Nodelock Freeze After Cluster Panic

In a cluster with more than two nodes and with direct-attached storage, a problem occurs if the last node in the cluster panics or exits the cluster unusually (without performing the stopnode transition). In such a case, all nodes have been removed from the cluster and the cluster no longer exists, but because the last node left the cluster in an unusual manner, it still holds the nodelock. A subsequent invocation of the scadmin startcluster command will fail to acquire the nodelock.

To work around this problem, manually clear the nodelock before restarting the cluster.

Use the following procedure to manually clear the nodelock and restart the cluster, after the cluster has aborted completely.

  1. As root, display the cluster configuration.

    # scconf clustername -p
    

    Look for this line in the output:

    clustername Locking TC/SSP, port  : A.B.C.D, E
    
    • If E is a positive number, the nodelock is on Terminal Concentrator A.B.C.D and Port E. Proceed to Step 2.

    • If E is -1, the lock is on an SSP. Proceed to Step 3.

  2. For a nodelock on a Terminal Concentrator (TC), perform the following steps (otherwise, proceed to Step 3).

    1. Start a telnet connection to Terminal Concentrator tc-name.

      $ telnet tc-name
       Trying 192.9.75.51...
       Connected to tc-name.
       Escape character is `^]'.

      Enter Return to continue.

    2. Specify -cli (command line interface).

      Enter Annex port name or number: cli
      
    3. Log in as root.

    4. Run the admin command.

      annex# admin
      
    5. Reset Port E.

      admin : reset E
      
    6. Close the telnet connection

      annex# hangup
      
    7. Proceed to Step 4.

  3. For a nodelock on a System Service Processor (SSP), perform the following steps.

    1. Connect to the SSP.

      $ telnet ssp-name
      
    2. Log in as user ssp.

    3. Display information on the clustername.lock file by using the following command (this file is a symbolic link to /proc/csh.pid).

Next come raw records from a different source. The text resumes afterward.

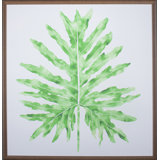 Selloum Verde Print by Jenny Kiker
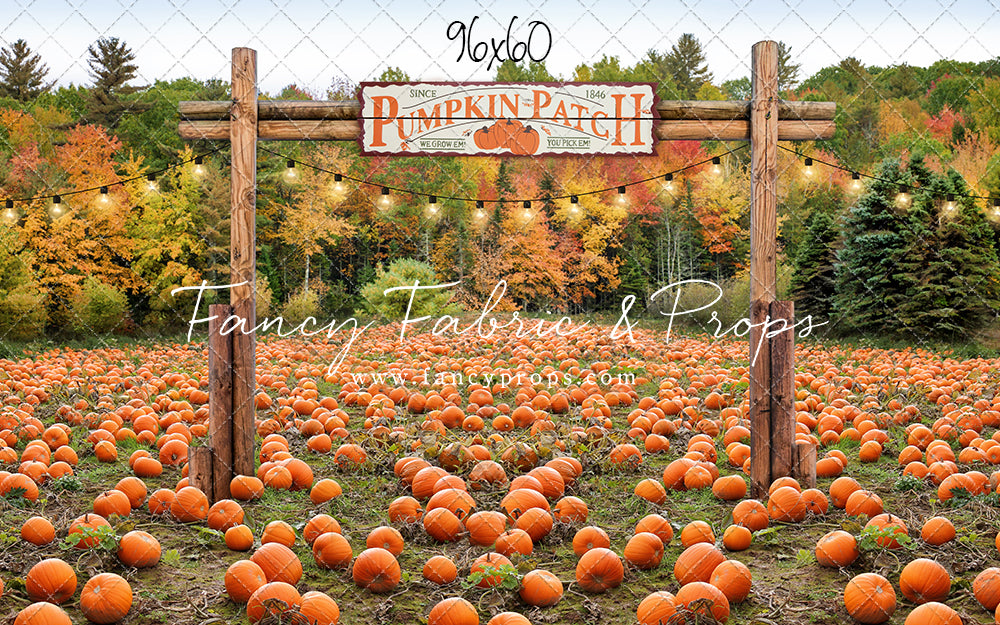 Welcome To The Pumpkin Patch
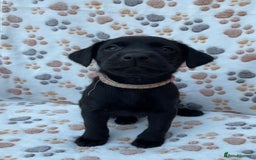 Labrador Retriever dogs for sale: **PEDIGREE, KC REGISTERED AND HIP SCORED** - Image 28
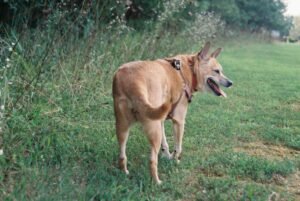 Perro paseando con correa en un campo abierto de hierba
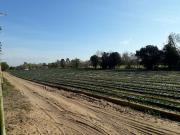 VENTA: CASA QUINTA Ref. 242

      $ ls -l /var/tmp/clustername.lock
      
    4. Search for the process csh.pid.

      $ ps -ef | grep csh.pid
      
    5. If the csh.pid process exists in the ps -ef output, kill the process by using the following command.

      $ kill -9 csh.pid 
      
    6. Delete the clustername.lock file.

      $ rm -f /var/tmp/clustername.lock
      
    7. Log out of the SSP.

  4. Restart the cluster.

    $ scadmin startcluster